Other cases have also unsettled reform efforts in Honduras, most notably the murder of environmental activist Berta Cáceres earlier this year. The case has been linked to officials from a company that is building a hydroelectric dam, since Cáceres and others had been trying to block the project.
Cáceres’ killing provoked international outrage, and led the US Congress to pass the Berta Cáceres Act, which aims to block $18 million that Honduras could receive in security assistance until the case is resolved. The European Investment Bank also withdrew its funding of about $39 million for an electrical project in western Honduras.
However, while authorities have captured the alleged perpetrators of the murder — which includes active and retired military personnel — the intellectual authors of her murder remain at large. Evidence indicates that they could belong to one of the most powerful families in the country, but there is little to suggest that a prosecution of any suspected intellectual authors will happen soon.
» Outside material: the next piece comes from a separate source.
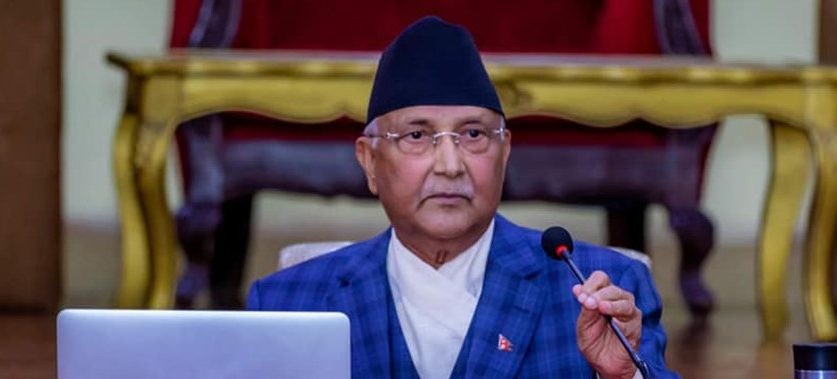 मस्यौदा बनाउन सुवास नेम्बाङलाई दिंदा ओली परे अप्ठेरोमा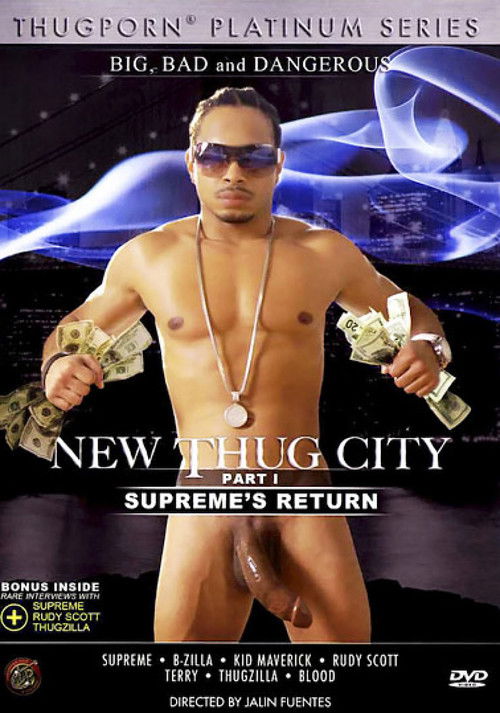 New Thug City 1: Supreme's Return (2009) poster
In November of this year, the country was also rocked by the capture of drug lord Wilter Blanco in Costa Rica. Blanco is the alleged leader of the Atlantic Cartel, a little-known group that works with military, police and corrupt officials. He has had an indictment against him in the United States since 1999. The capture of Blanco, who faces extradition to the United States, promises to open a Pandora’s Box that may reach Hernández and his family.
Other ambitious reform efforts remain on stand-by. The MACCIH has tried to modify the law to make corruption an extraditable crime. The attorney general agrees with the proposal, but, not surprisingly, congress does not.
The arrival of the MACCIH and increased coordination between the attorney general and the US government is a big step towards changing Honduras’ balance of power. The role of the US embassy had been crucial throughout this process. MACCIH has also exerted pressure on the presidential palace regarding some high-level cases. It remains to be seen, however, whether other state institutions will join the fight against corruption and impunity in Honduras.
Despite the setbacks, these anti-corruption efforts in the Northern Triangle were GameChangers in 2016. The US government agrees. A group of US congressmen recently qualified the progress in the region as “excellent.”
In the coming year, the region promises to remain one of the most violent in the world but hope springs eternal as it relates to impunity. The protests that flooded plazas and streets in Guatemala and Honduras in 2015 have faded, but the outrage they expressed has brought changes to the way local prosecutors pursue complex crimes and their ability to connect organized crime with local political elites.
There was less public protest in El Salvador, where a politically polarized populace steered clear of marches. But cries for an independent press and a justice system that dares to pursue corruption at the highest levels by going after the country’s last three former presidents has breathed life into that nation as well.
It’s still too early to know what will happen in Central America. The public attacks by politicians and businessmen on the CICIG in Guatemala and the Salvadoran attorney general, as well as attempts by Honduran elites to preserve the status quo and minimize MACCIH, show that the elites will not give up their power easily.
But jailing high level officials, exposing corrupt networks, and targeting big businessmen give hope that the cold winter of impunity and rampant corruption is turning the region towards a warm breeze of spring.